Prompt: Find the line below with "Hari Hepatitis Sedunia Tahun 2022". Print it and every line after it exactly, through the last line, leaving out the pictures.

Short text fragments from websites

------------------------------------------------

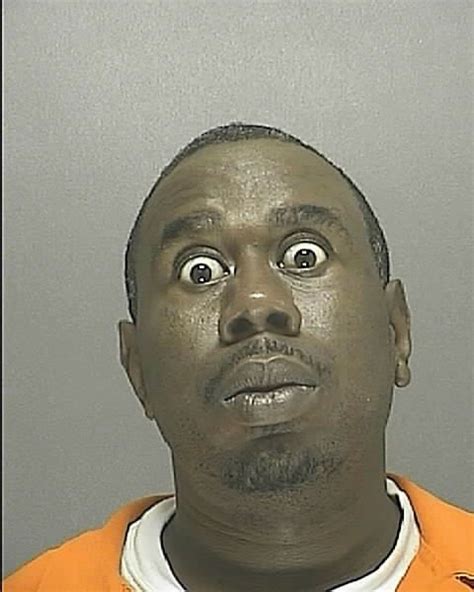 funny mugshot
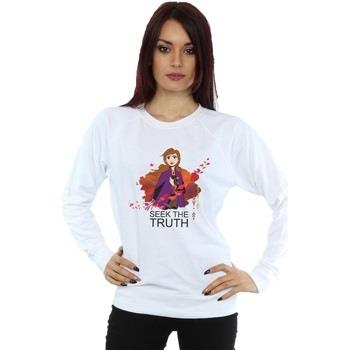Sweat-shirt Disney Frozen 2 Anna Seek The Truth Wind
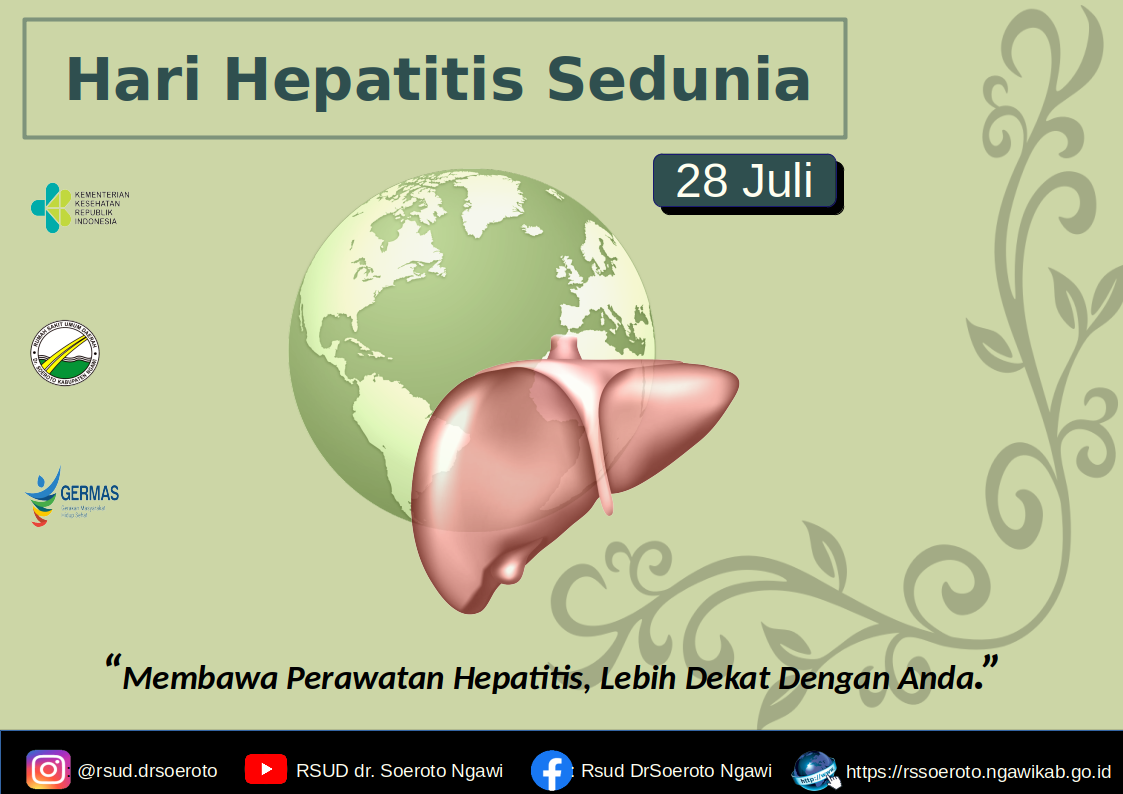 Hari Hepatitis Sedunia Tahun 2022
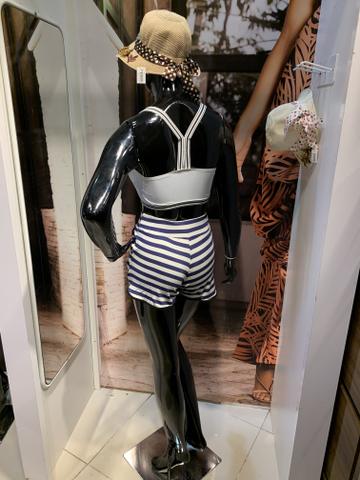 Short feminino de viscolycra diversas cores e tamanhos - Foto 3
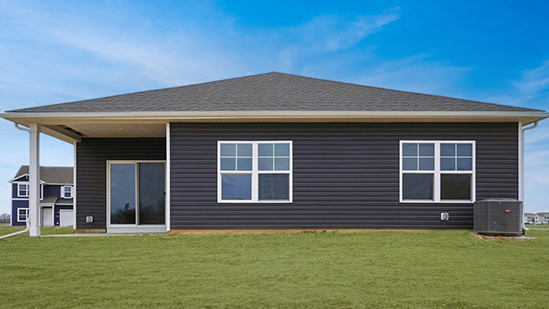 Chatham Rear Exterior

------------------------------------------------

Solution to the exercise:
 Hari Hepatitis Sedunia Tahun 2022
 Short feminino de viscolycra diversas cores e tamanhos - Foto 3
 Chatham Rear Exterior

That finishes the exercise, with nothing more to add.